Any other information on results incl. tables

Table 1: Mean OD562 Values and Percentage Viabilities for the Negative Control Item, Positive Control Item and Test Item

Item	OD562 of tissues	Mean OD562 of triplicate tissues	± SD of OD562	Relative individual tissue viability (%)	Relative mean viability (%)	± SD of Relative mean viability (%)
Negative Control Item	0.884	0.782	0.099	113.1	100*	12.7
	0.775			99.1
	0.686			87.8
Positive Control Item	0.068	0.062	0.006	8.7	7.9	0.8
	0.062			7.9
	0.056			7.2
Test Item	0.904	0.833	0.094	115.7	106.6	12.0
	0.869			111.2
	0.727			93.0

 * = the mean viability of the negative control tissues is set as 100%

Applicant's summary and conclusion

Interpretation of results:

GHS criteria not met

Conclusions:

The relative mean viability of the tissues exposed to the test material was 106.6%, and hence, the test material is not a skin irritant in this test.

Executive summary:

The skin irritation potential of dibenzylbenzene, ar-methyl derivative, hydrogenated was examined in this in vitro test with the EPISKIN TM reconstructed human epidermis model.

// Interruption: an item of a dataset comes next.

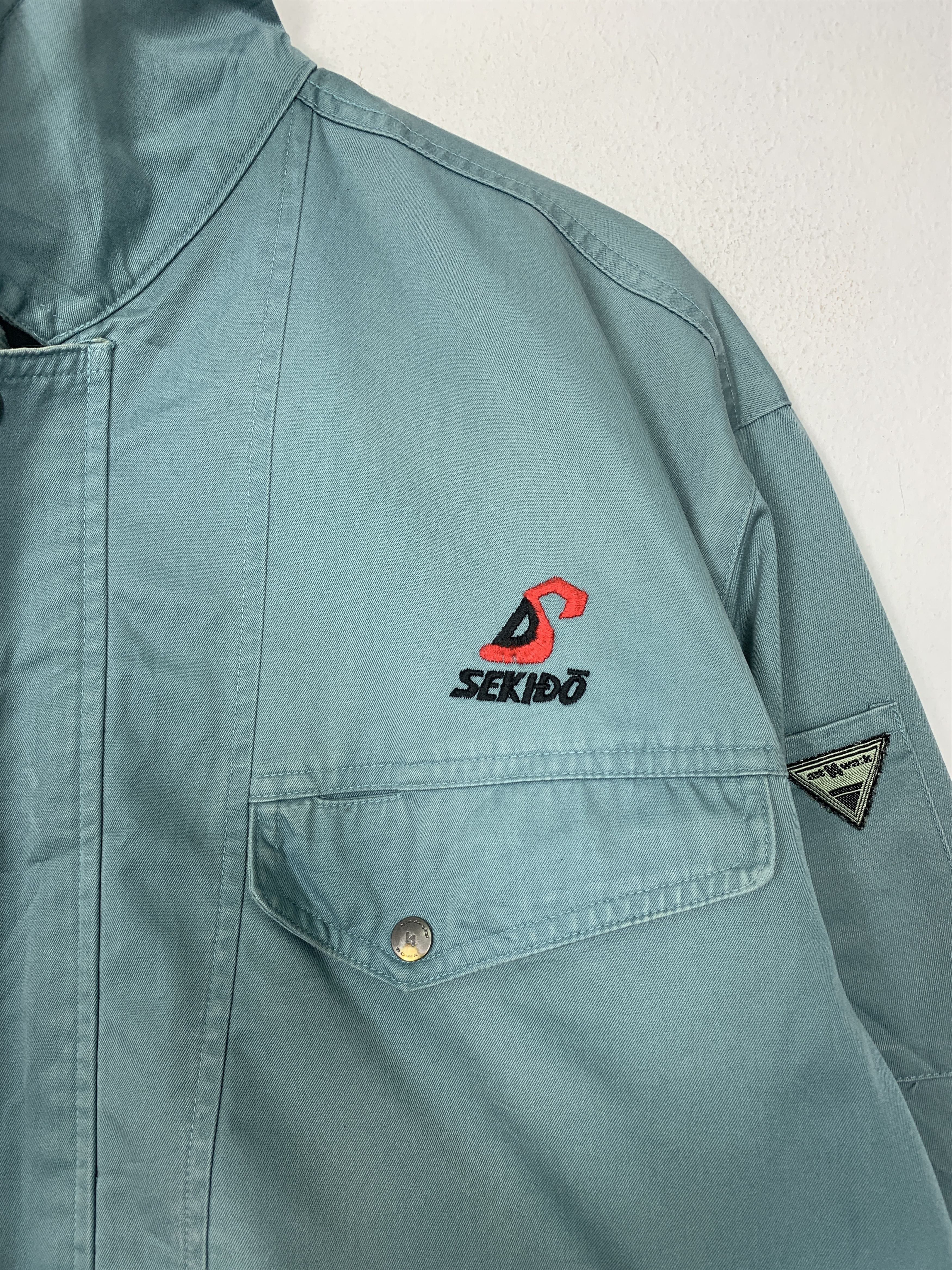 Japanese Brand Vintage VIvasowa Sekido Multi Pocket Workers Jacket J1484 Size US M / EU 48-50 / 2 - 3 Thumbnail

The test was performed according to the OECD Guidelines for the Testing of Chemicals No. 439 “In Vitro Skin Irritation” (adopted 28 July 2015) and the procedure followed is based on the recommended EpiSkin™ SOP, Version 1.8 (February 2009), ECVAM Skin Irritation Validation Study. Exposure to the test substance lasted 15 minutes and was followed by a post-exposure incubation period of 42 hours. The principle of the assay was based on the measurement of cytotoxicity in the human epidermal cultures following topical exposure to the test item, with the MTT reduction assay. Cell viability is measured by enzymatic reduction of the yellow MTT tetrazolium salt (3-[4,5-dimethylthiazol-2-yl]-2,5-diphenyl-tetrazolium bromide) to a blue formazan salt (within the mitochondria of viable cells) in the test item treated tissues relative to the negative controls. The optical density was measured at 562 nm and MTT reduction in the test item treated tissues relative to negative control tissues was expressed as percentage viability. The relative mean viability of the test item treated tissues was 106.6% after the 15 -minute exposure period and hence, dibenzylbenzene, ar-methyl derivative, hydrogenated was classified as non-irritant. The study is considered acceptable based on the quality criteria.